:: RECORDS PROVIDED ::

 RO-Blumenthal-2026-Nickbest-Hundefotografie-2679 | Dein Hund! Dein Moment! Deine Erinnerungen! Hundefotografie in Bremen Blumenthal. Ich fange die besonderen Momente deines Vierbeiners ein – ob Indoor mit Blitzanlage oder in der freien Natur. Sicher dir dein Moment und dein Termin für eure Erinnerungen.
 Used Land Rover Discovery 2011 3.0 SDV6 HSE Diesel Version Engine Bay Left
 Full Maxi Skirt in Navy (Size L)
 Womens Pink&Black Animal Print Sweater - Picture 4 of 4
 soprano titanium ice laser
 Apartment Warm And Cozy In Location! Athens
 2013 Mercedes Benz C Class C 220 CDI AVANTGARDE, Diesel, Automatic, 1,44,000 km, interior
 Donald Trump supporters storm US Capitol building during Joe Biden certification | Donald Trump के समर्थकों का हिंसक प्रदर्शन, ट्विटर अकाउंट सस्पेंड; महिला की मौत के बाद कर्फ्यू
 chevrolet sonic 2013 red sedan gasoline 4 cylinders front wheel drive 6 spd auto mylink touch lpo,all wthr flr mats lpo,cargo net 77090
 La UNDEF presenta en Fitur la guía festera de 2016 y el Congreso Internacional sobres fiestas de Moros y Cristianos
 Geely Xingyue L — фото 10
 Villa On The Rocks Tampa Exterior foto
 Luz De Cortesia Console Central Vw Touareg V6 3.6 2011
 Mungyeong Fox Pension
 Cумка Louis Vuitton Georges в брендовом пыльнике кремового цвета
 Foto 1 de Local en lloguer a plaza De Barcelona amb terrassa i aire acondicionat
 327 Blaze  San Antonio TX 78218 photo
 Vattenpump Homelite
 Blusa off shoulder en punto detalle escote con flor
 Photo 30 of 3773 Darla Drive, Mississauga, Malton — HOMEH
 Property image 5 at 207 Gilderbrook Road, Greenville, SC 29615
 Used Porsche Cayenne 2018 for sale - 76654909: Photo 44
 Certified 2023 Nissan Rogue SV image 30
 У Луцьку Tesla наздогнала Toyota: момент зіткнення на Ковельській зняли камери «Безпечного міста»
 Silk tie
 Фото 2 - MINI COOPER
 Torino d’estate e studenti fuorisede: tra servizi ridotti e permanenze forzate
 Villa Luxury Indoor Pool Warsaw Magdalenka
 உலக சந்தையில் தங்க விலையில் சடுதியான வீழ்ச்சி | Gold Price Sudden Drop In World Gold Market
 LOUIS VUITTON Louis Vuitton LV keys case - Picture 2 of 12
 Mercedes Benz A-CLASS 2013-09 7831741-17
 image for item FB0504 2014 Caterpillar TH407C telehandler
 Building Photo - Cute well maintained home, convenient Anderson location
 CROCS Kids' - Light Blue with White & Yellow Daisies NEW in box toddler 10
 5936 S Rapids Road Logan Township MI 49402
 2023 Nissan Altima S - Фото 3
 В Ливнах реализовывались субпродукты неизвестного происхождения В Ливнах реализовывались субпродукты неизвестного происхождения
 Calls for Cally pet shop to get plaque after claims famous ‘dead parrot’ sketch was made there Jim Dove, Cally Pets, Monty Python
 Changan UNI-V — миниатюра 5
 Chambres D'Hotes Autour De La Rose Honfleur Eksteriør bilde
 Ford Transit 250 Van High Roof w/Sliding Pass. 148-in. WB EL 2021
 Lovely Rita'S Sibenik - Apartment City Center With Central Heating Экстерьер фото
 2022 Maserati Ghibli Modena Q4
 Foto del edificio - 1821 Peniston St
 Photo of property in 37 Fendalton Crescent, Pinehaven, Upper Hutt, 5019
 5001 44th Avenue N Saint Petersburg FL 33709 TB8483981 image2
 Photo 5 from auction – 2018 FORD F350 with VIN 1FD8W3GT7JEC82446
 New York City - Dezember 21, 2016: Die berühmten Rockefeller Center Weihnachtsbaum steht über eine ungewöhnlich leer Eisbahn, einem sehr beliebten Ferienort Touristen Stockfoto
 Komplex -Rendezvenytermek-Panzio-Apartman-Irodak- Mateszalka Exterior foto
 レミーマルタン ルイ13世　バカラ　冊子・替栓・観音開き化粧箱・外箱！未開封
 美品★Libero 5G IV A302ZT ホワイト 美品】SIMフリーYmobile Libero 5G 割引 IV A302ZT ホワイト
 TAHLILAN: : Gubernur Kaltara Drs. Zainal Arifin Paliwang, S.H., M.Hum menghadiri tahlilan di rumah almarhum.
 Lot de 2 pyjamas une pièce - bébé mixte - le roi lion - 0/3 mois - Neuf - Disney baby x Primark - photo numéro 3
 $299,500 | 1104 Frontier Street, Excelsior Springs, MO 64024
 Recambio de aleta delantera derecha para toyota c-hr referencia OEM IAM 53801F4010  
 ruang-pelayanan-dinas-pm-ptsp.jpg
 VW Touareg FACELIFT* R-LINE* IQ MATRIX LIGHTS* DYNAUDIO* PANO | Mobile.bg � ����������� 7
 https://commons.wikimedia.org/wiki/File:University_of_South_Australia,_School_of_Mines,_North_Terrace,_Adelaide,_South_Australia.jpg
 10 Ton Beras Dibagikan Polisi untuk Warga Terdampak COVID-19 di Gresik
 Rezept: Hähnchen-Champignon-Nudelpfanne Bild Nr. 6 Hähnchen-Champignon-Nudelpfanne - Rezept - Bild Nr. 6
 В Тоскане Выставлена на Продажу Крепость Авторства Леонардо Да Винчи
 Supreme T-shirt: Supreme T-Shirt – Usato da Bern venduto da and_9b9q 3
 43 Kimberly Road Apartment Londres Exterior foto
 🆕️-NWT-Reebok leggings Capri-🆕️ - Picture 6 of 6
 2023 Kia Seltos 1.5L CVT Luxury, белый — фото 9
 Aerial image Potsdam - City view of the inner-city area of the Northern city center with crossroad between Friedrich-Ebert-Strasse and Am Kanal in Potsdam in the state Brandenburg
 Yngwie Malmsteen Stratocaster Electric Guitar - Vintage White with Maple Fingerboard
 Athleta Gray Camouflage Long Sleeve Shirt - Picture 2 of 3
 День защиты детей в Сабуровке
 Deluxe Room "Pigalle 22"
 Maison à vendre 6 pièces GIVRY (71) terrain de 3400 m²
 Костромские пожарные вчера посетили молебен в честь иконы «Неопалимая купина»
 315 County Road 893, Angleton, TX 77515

:::

WHAT TO PRODUCE | Your output should be an exact copy of the lines from the one containing "TAHLILAN: : Gubernur" through the last line of the data above.

RESULT BELOW |
 TAHLILAN: : Gubernur Kaltara Drs. Zainal Arifin Paliwang, S.H., M.Hum menghadiri tahlilan di rumah almarhum.
 Lot de 2 pyjamas une pièce - bébé mixte - le roi lion - 0/3 mois - Neuf - Disney baby x Primark - photo numéro 3
 $299,500 | 1104 Frontier Street, Excelsior Springs, MO 64024
 Recambio de aleta delantera derecha para toyota c-hr referencia OEM IAM 53801F4010  
 ruang-pelayanan-dinas-pm-ptsp.jpg
 VW Touareg FACELIFT* R-LINE* IQ MATRIX LIGHTS* DYNAUDIO* PANO | Mobile.bg � ����������� 7
 https://commons.wikimedia.org/wiki/File:University_of_South_Australia,_School_of_Mines,_North_Terrace,_Adelaide,_South_Australia.jpg
 10 Ton Beras Dibagikan Polisi untuk Warga Terdampak COVID-19 di Gresik
 Rezept: Hähnchen-Champignon-Nudelpfanne Bild Nr. 6 Hähnchen-Champignon-Nudelpfanne - Rezept - Bild Nr. 6
 В Тоскане Выставлена на Продажу Крепость Авторства Леонардо Да Винчи
 Supreme T-shirt: Supreme T-Shirt – Usato da Bern venduto da and_9b9q 3
 43 Kimberly Road Apartment Londres Exterior foto
 🆕️-NWT-Reebok leggings Capri-🆕️ - Picture 6 of 6
 2023 Kia Seltos 1.5L CVT Luxury, белый — фото 9
 Aerial image Potsdam - City view of the inner-city area of the Northern city center with crossroad between Friedrich-Ebert-Strasse and Am Kanal in Potsdam in the state Brandenburg
 Yngwie Malmsteen Stratocaster Electric Guitar - Vintage White with Maple Fingerboard
 Athleta Gray Camouflage Long Sleeve Shirt - Picture 2 of 3
 День защиты детей в Сабуровке
 Deluxe Room "Pigalle 22"
 Maison à vendre 6 pièces GIVRY (71) terrain de 3400 m²
 Костромские пожарные вчера посетили молебен в честь иконы «Неопалимая купина»
 315 County Road 893, Angleton, TX 77515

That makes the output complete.